== BRIEF ==
Among the entries below, please repeat exactly and only the lines from the line containing "Christmas dress, holiday" to the line containing "#LTKSeasonal #LTKHoliday #LTKstyletip", both lines included.

== RECORDS TO USE ==
---+---

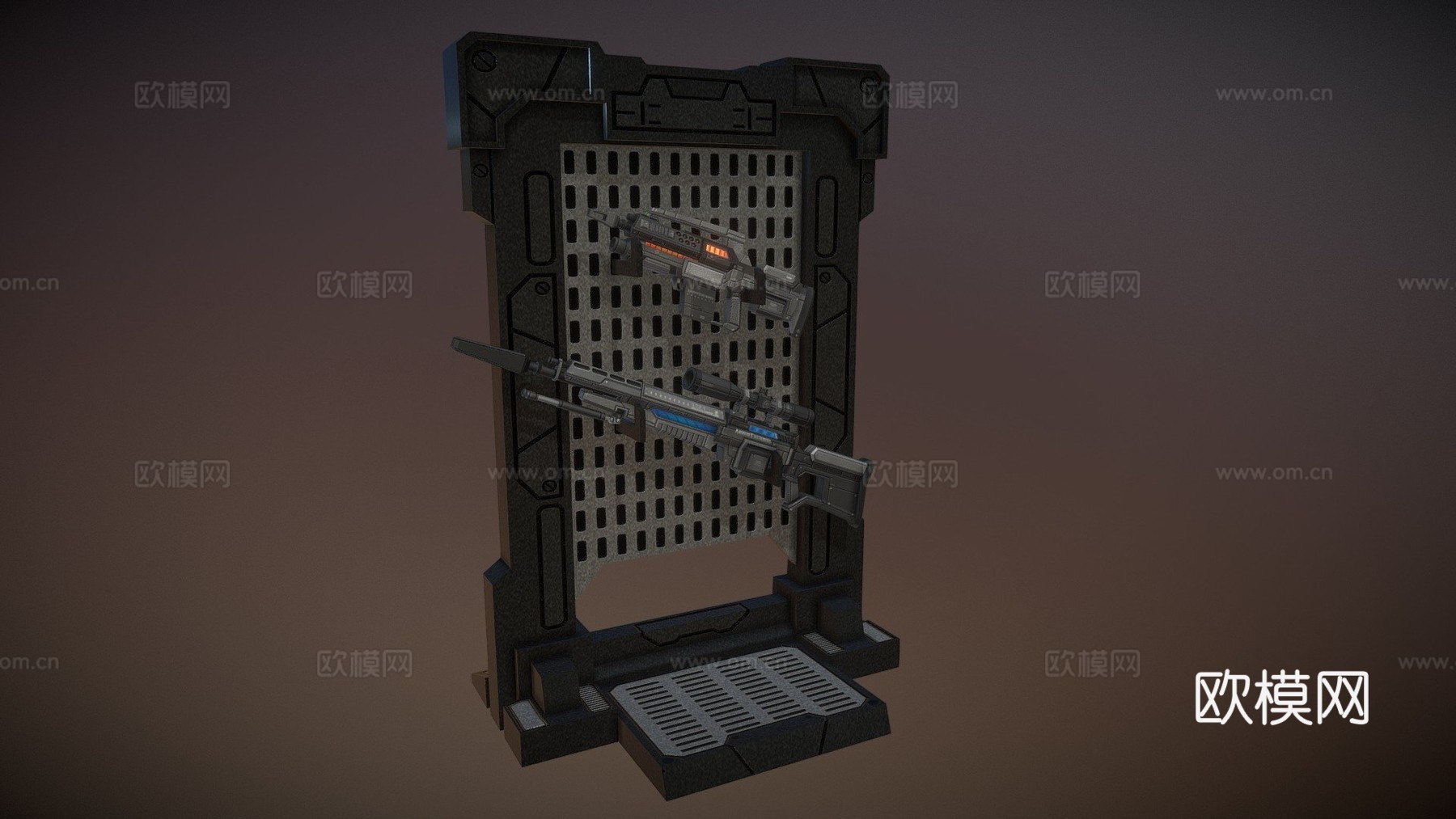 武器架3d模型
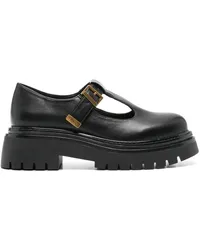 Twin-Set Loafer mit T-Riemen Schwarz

---+---

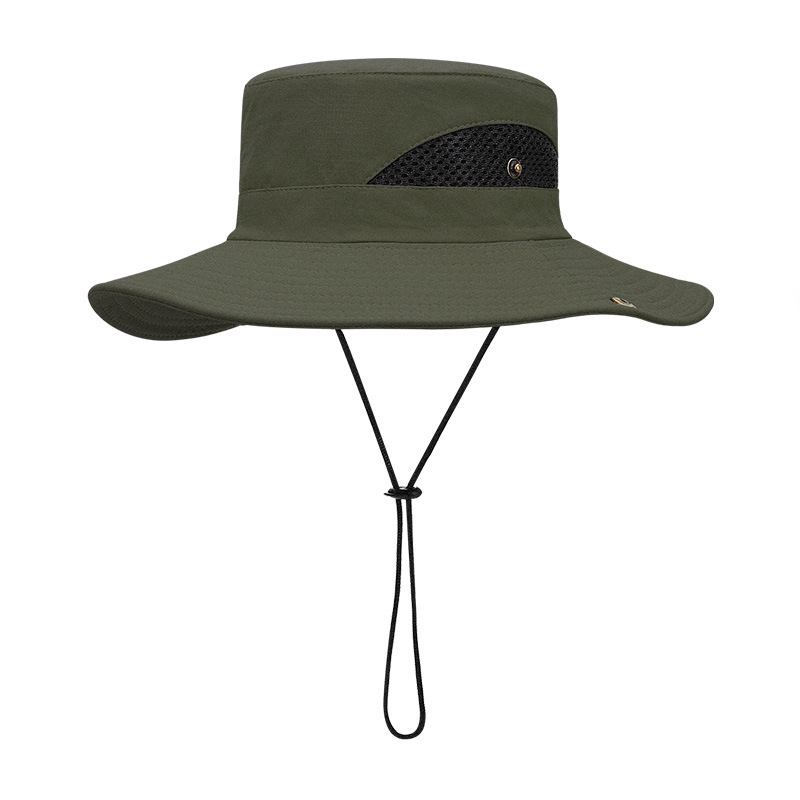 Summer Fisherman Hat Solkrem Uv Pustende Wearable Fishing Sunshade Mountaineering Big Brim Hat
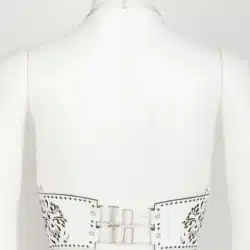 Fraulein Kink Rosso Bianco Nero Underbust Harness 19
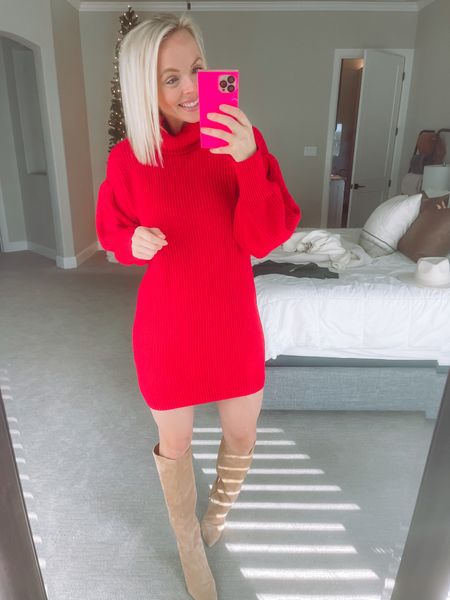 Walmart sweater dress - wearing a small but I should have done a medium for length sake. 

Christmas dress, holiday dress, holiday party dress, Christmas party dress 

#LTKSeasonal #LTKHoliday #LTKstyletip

---+---

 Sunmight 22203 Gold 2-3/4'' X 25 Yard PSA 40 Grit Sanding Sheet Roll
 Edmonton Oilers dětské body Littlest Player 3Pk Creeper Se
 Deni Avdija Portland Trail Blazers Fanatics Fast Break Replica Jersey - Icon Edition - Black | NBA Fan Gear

---+---

== OUTPUT FOR THIS TASK ==
Christmas dress, holiday dress, holiday party dress, Christmas party dress 

#LTKSeasonal #LTKHoliday #LTKstyletip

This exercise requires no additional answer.